More than 5,000 farms with greenhouses, nurseries and stables where drowned animals are counted and tens of thousands of flooded hectares of vineyards, kiwis, plums, pears, apples, vegetables and cereals and agricultural product processing facilities have ended up under water. These are the findings of Coldiretti’s monitoring of the effects of the flooding in Romagna, where there are missing persons and victims even among farmers.
“There are difficulties,” Coldiretti stresses, “also in guaranteeing the feeding of livestock also because forage has been compromised and there is a lack of water to water them in the hilly areas with problems of viability due to damage to rural infrastructure caused by landslides and landslips. The hardest hit sector is the fruit and vegetable sector with the slow runoff of water left in orchards ‘suffocating’ tree roots until they rot, with the risk of entire plantations disappearing and taking years before becoming productive again.”
An entire supply chain made up of agriculture and the fruit and vegetable processing companies that make Romagna the Italian ‘fruit valley,’ with the gross saleable production of fruit and vegetables worth 1.2 billion euros in the region, is at risk of being sent into crisis. The damage is therefore incalculable pending the runoff of the waters that have invaded the region’s valuable orchards and vegetables, rural houses, farms with tractors and machinery covered in mud.
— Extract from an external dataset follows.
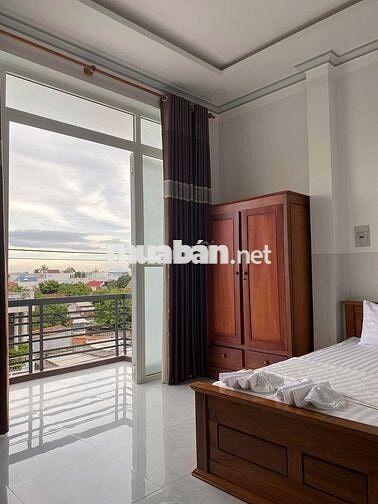 Sang nhượng nhà nghỉ MT Nguyễn Trãi, Vạn Ninh, chỉ 7,7 tỷ/170m2,SHR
“Now the priority is to save human lives, but immediately it is necessary to put in place every useful action aimed at economic and productive recovery because the very survival of hundreds of businesses and the workers who depend on them is at stake,” said Coldiretti President Ettore Prandini in appreciating the measures to suspend obligations in tax and social security contributions and for legal proceedings announced by the government.